About this task:
The response should be the data again, identical in every line.

Caption-style text data
◆ ◆ ◆

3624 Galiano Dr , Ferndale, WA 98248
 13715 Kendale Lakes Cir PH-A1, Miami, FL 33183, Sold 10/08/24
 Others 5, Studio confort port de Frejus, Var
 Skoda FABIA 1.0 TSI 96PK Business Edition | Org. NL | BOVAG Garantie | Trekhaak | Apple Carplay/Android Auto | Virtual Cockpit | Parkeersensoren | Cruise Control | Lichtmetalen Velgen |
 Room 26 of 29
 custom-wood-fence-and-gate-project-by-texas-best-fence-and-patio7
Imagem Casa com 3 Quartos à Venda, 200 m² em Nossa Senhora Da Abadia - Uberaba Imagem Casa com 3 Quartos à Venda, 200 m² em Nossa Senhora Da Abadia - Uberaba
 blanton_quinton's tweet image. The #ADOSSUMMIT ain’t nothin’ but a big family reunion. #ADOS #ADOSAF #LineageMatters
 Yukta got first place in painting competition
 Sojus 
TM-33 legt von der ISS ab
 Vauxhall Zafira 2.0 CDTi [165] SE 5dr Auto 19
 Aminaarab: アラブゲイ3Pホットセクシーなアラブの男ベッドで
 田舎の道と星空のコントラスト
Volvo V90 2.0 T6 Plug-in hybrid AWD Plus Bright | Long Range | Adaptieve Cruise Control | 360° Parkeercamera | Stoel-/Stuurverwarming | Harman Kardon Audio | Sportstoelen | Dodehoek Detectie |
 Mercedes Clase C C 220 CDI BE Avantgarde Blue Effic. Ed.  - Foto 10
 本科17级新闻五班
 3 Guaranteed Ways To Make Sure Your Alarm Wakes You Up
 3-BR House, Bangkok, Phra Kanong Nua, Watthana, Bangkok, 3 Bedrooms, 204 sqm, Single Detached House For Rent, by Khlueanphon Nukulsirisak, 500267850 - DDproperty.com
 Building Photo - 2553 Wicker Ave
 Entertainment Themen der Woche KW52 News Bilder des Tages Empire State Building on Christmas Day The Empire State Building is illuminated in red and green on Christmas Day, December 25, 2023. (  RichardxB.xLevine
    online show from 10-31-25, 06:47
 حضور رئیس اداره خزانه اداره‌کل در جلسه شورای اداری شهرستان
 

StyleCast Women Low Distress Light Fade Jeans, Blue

◆ ◆ ◆

Answer for this exercise:
3624 Galiano Dr , Ferndale, WA 98248
 13715 Kendale Lakes Cir PH-A1, Miami, FL 33183, Sold 10/08/24
 Others 5, Studio confort port de Frejus, Var
 Skoda FABIA 1.0 TSI 96PK Business Edition | Org. NL | BOVAG Garantie | Trekhaak | Apple Carplay/Android Auto | Virtual Cockpit | Parkeersensoren | Cruise Control | Lichtmetalen Velgen |
 Room 26 of 29
 custom-wood-fence-and-gate-project-by-texas-best-fence-and-patio7
Imagem Casa com 3 Quartos à Venda, 200 m² em Nossa Senhora Da Abadia - Uberaba Imagem Casa com 3 Quartos à Venda, 200 m² em Nossa Senhora Da Abadia - Uberaba
 blanton_quinton's tweet image. The #ADOSSUMMIT ain’t nothin’ but a big family reunion. #ADOS #ADOSAF #LineageMatters
 Yukta got first place in painting competition
 Sojus 
TM-33 legt von der ISS ab
 Vauxhall Zafira 2.0 CDTi [165] SE 5dr Auto 19
 Aminaarab: アラブゲイ3Pホットセクシーなアラブの男ベッドで
 田舎の道と星空のコントラスト
Volvo V90 2.0 T6 Plug-in hybrid AWD Plus Bright | Long Range | Adaptieve Cruise Control | 360° Parkeercamera | Stoel-/Stuurverwarming | Harman Kardon Audio | Sportstoelen | Dodehoek Detectie |
 Mercedes Clase C C 220 CDI BE Avantgarde Blue Effic. Ed.  - Foto 10
 本科17级新闻五班
 3 Guaranteed Ways To Make Sure Your Alarm Wakes You Up
 3-BR House, Bangkok, Phra Kanong Nua, Watthana, Bangkok, 3 Bedrooms, 204 sqm, Single Detached House For Rent, by Khlueanphon Nukulsirisak, 500267850 - DDproperty.com
 Building Photo - 2553 Wicker Ave
 Entertainment Themen der Woche KW52 News Bilder des Tages Empire State Building on Christmas Day The Empire State Building is illuminated in red and green on Christmas Day, December 25, 2023. (  RichardxB.xLevine
    online show from 10-31-25, 06:47
 حضور رئیس اداره خزانه اداره‌کل در جلسه شورای اداری شهرستان
 

StyleCast Women Low Distress Light Fade Jeans, Blue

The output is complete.